CompileOptions class, used to configure nncase compilation options. Each attribute is described as follows:

| Property name | type | Is it necessary | Description |
| :-------------------------- | :-------------------: | :------: | ---------------------------------------------------------------------------------------------------------------------- |
| target | string | yes | Specify the compilation target, such as 'cpu', 'k230' |
| dump_ir | bool | no | Specify whether to dump IR, the default is False |
| dump_asm | bool | no | Specifies whether to dump asm assembly files, the default is False |
| dump_dir | string | no | After specifying dump_ir and other switches earlier, specify the dump directory here. The default is "" |
| input_file | string | no | When the ONNX model exceeds 2GB, it is used to specify the parameter file path. The default is "" |
| preprocess | bool | no | Whether to enable pre-processing, the default is False. The following parameters only take effect when `preprocess=True` |
| input_type | string | no | Specify the input data type when turning on pre-processing, the default is "float". When `preprocess` is `True`, it must be specified as "uint8" or "float32" |
| input_shape | list[int] | no | Specify the shape of the input data when turning on pre-processing, the default is []. When `preprocess` is `True`, it must be specified |
| input_range | list[float] | no | Specify the floating point number range after dequantization of the input data when preprocessing is enabled. The default is [ ]. Must be specified when `preprocess` is `True` and `input_type` is `uint8` |
| input_layout | string | no | Specify the layout of the input data, the default is "" |
| swapRB | bool | no | Whether to reverse the data in the `channel` dimension, the default is False |
| mean | list[float] | no | The mean value of preprocessing standardized parameters, the default is [0,0,0] |
| std | list[float] | no | Preprocessing standardized parameter variance, default is [1,1,1] |
| letterbox_value | float | no | Specify the filling value of the pre-processing letterbox, the default is 0 |
| output_layout | string | no | Specify the layout of the output data, the default is "" |
| shape_bucket_enable | bool | yes | Whether to enable the ShapeBucket function, the default is False.
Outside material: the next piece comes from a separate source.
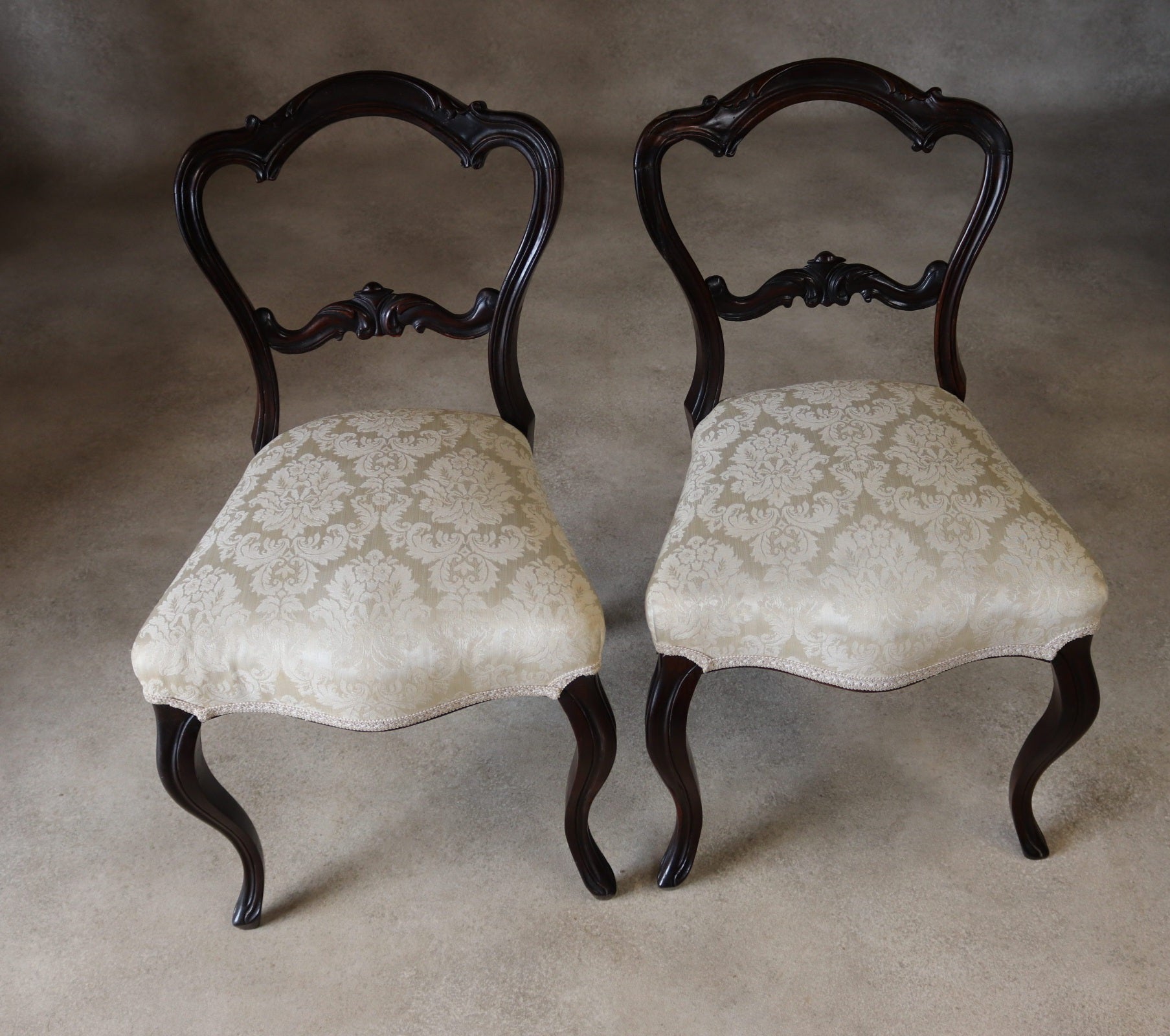 Set Of 4 Antique Victorian Rosewood Balloon Back Dining Chairs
Effective at `dump_ir=True` |
| shape_bucket_range_info | Dict[str, [int, int]] | yes | The range of variables in each input shape dimension information, the minimum value must be greater than or equal to 1 |
| shape_bucket_segments_count | int | yes | The scope of the input variable is divided into several segments |
| shape_bucket_fix_var_map | Dict[str, int] | no | Fixed variables in shape dimension information to specific values |

#### Pre-processing process description

Currently, custom pre-processing sequence is not supported. You can select the required pre-processing parameters for configuration according to the following process diagram.

<div class="mermaid">
graph TD;
    NewInput("NewInput<br>(shape = input_shape<br>dtype = input_type)") -->a(input_layout != ' ')-.Y.->Transpose1["transpose"] -.->b("SwapRB == True")-.Y.->SwapRB["SwapRB"]-.->c("input_type != float32")-.Y.->Dequantize["Dequantize"]-.->d("input_HW != model_HW")-.Y.->LetterBox["LetterBox"] -.->e("std not empty<br>mean not empty")-.Y.->Normalization["Normalization"]-.->OldInput-->Model_body-->OldOutput-->f("output_layout != ' '")-.Y.->Transpose2["Transpose"]-.-> NewOutput;
    a--N-->b--N-->c--N-->d--N-->e--N-->OldInput; f--N-->NewOutput;
    subgraph origin_model
        OldInput; Model_body ; OldOutput;
    end
</div>

Parameter description:

1. `input_range` is the range of floating point numbers after dequantization when the input data type is fixed point.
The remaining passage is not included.